_WHAT IS EXPECTED_
For this exercise, write out the full listing that follows exactly and skip its pictures.

_PROVIDED MATERIAL_
§ §

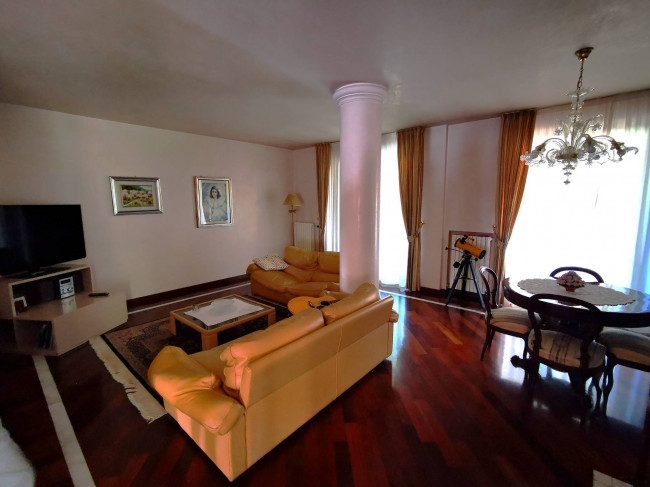 Villa in vendita a Civitanova Marche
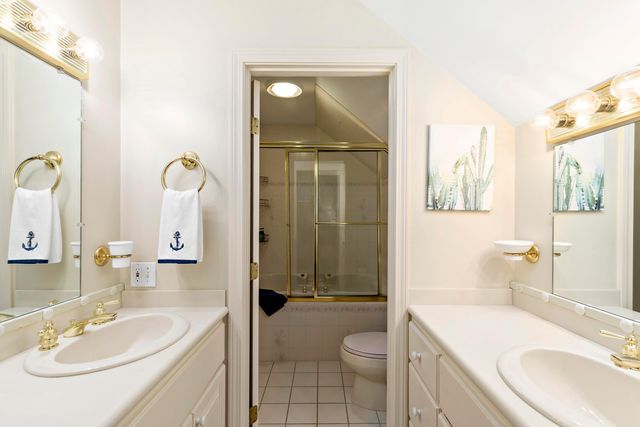 414 Eel River Road, Osterville, MA 02655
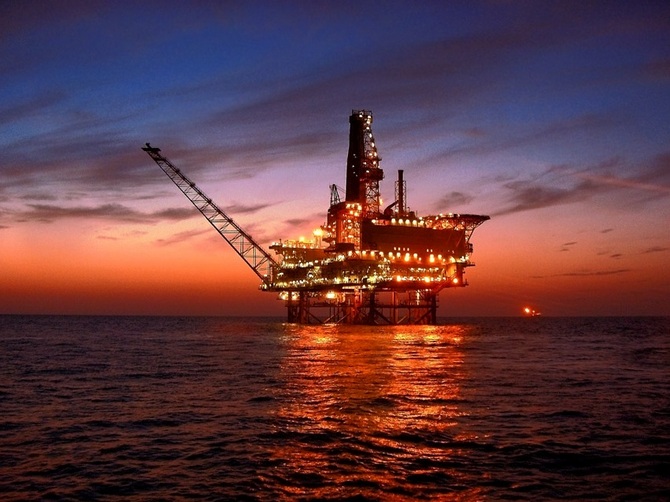 Oil_platform_1_670.jpg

§ §

_OUTPUT_
 Villa in vendita a Civitanova Marche
 414 Eel River Road, Osterville, MA 02655
 Oil_platform_1_670.jpg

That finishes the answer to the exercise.